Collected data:
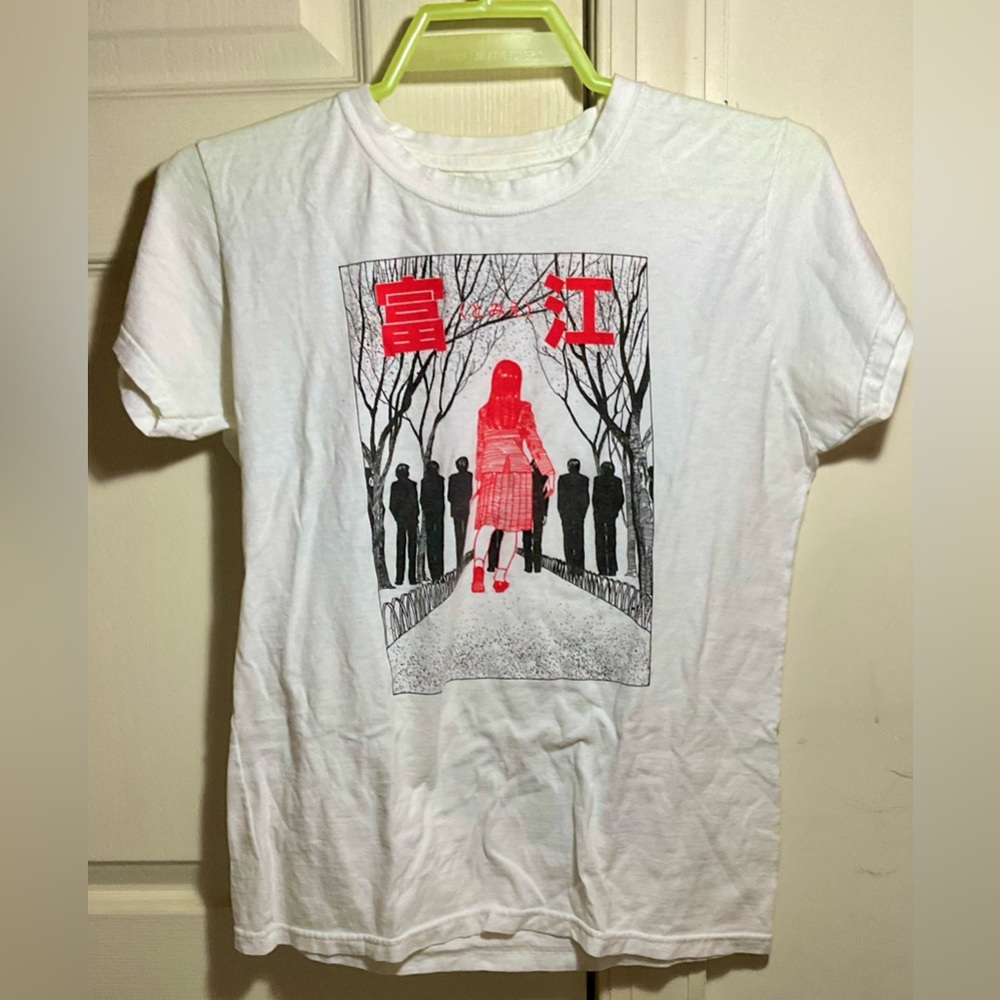 Junji Ito Black and Red Tomie T-Shirt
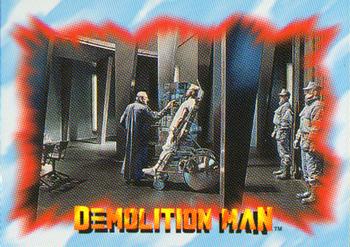 1993 SkyBox Demolition Man #17 Phoenix's Parole Hearing Front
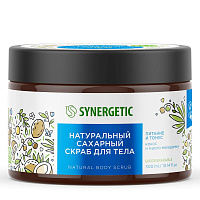 Скраб для тела Synergetic Кокос и масло макадамии 300 мл фото Скраб для тела Synergetic Кокос и масло макадамии 300 мл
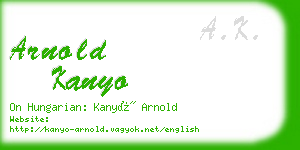 arnold kanyo business card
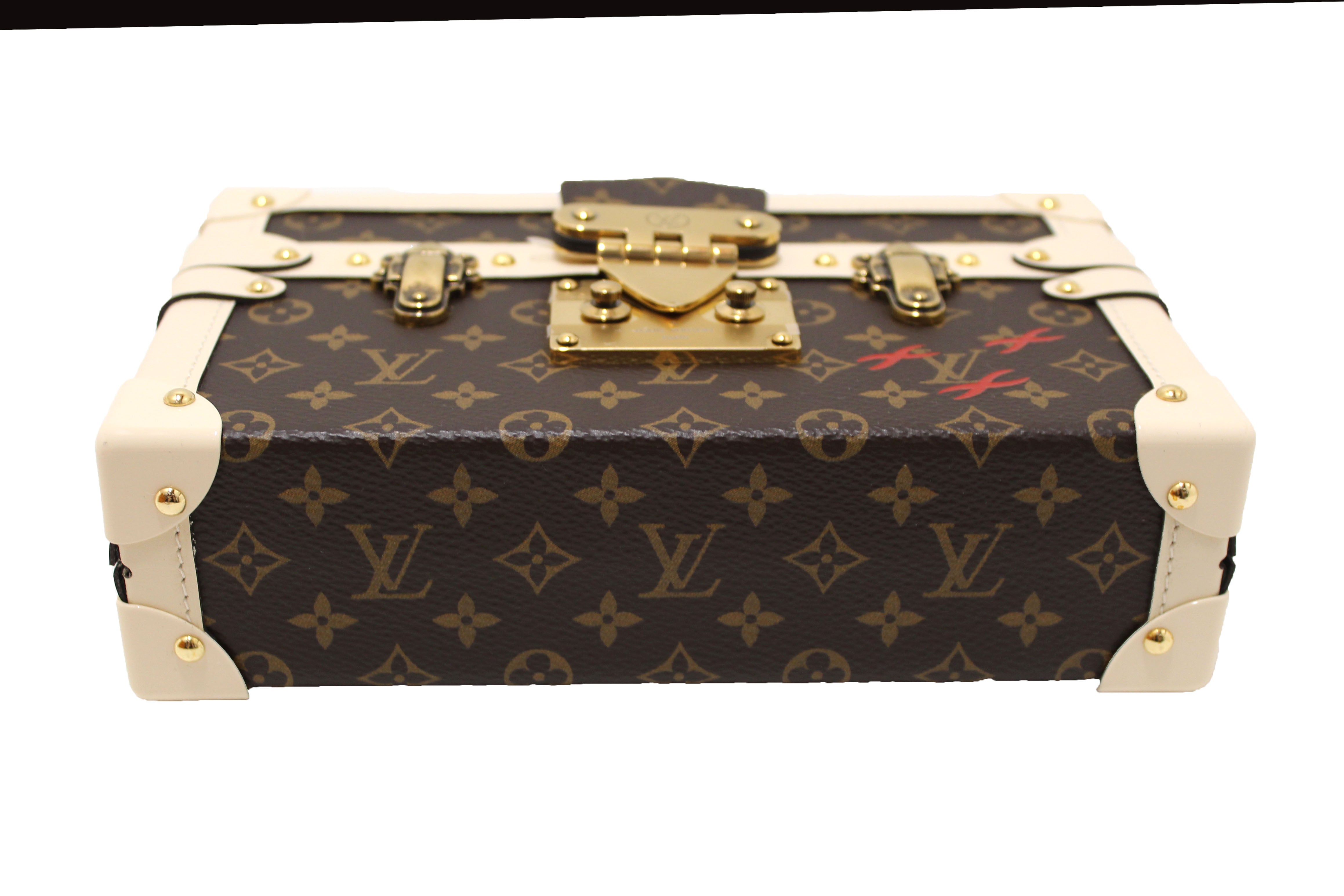 Louis Vuitton Classic Monogram Petite Malle Clutch Bag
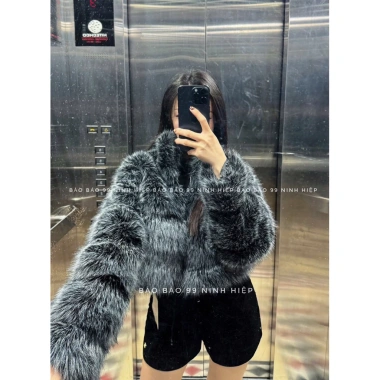 Áo khoác lông rái cá Luxury CropTop 862 chuẩn Quảng Châu VIP, khóa Titan dày dặn nặng tay, giảm 21% 7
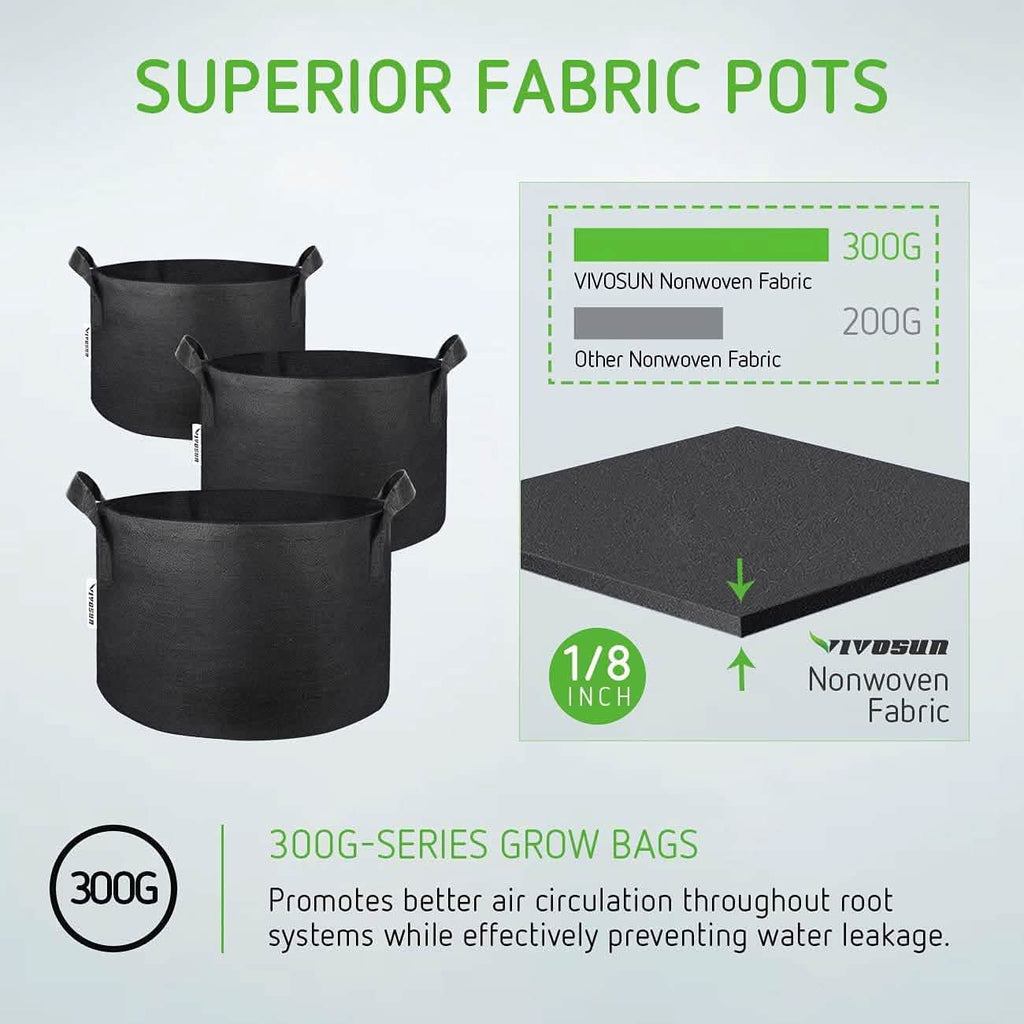 5-Pack: Plant Grow Bags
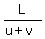 L%2F%28u%2Bv%29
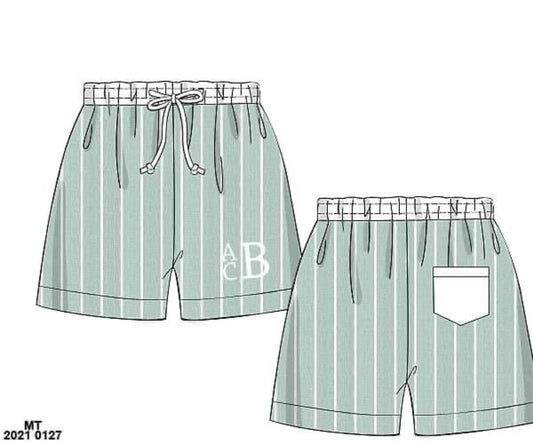 RTS: Peirsun Gulf Stripes Collection- Boys Woven Swim Short (No monogram)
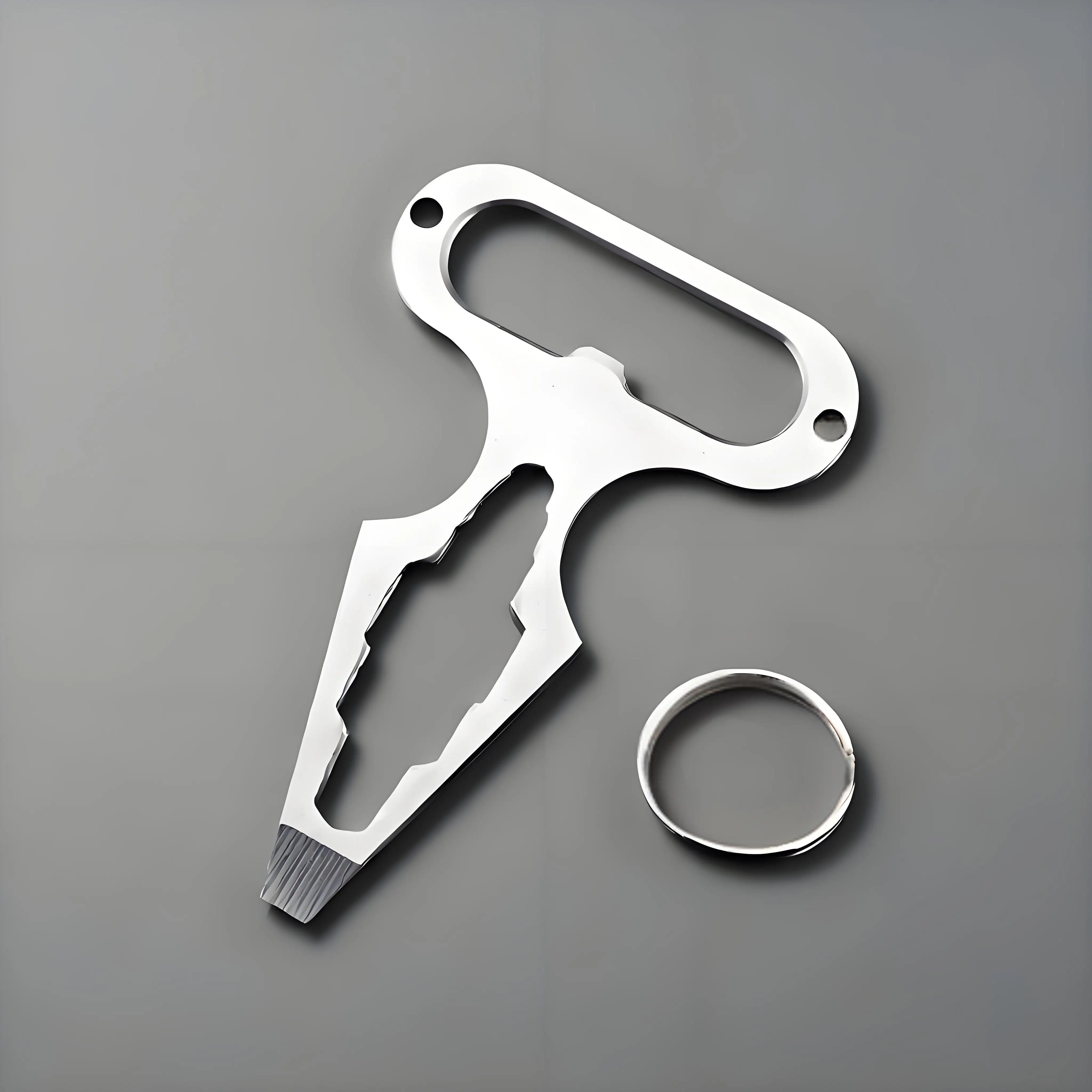 Keychain Multi Tool - ชุดเครื่องมือเอาตัวรอด EDC สำหรับใช้งานกลางแจ้ง ป้องกันตัวส่วนบุคคล แบบพกพาอเนกประสงค์ พร้อมที่เปิดขวดและประแจ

_ACTIVITY_
What's needed is an exact copy of every entry, minus the pictures.

_ANSWER FOR THE TASK_
 Junji Ito Black and Red Tomie T-Shirt
 1993 SkyBox Demolition Man #17 Phoenix's Parole Hearing Front
 Скраб для тела Synergetic Кокос и масло макадамии 300 мл фото Скраб для тела Synergetic Кокос и масло макадамии 300 мл
 arnold kanyo business card
 Louis Vuitton Classic Monogram Petite Malle Clutch Bag
 Áo khoác lông rái cá Luxury CropTop 862 chuẩn Quảng Châu VIP, khóa Titan dày dặn nặng tay, giảm 21% 7
 5-Pack: Plant Grow Bags
 L%2F%28u%2Bv%29
 RTS: Peirsun Gulf Stripes Collection- Boys Woven Swim Short (No monogram)
 Keychain Multi Tool - ชุดเครื่องมือเอาตัวรอด EDC สำหรับใช้งานกลางแจ้ง ป้องกันตัวส่วนบุคคล แบบพกพาอเนกประสงค์ พร้อมที่เปิดขวดและประแจ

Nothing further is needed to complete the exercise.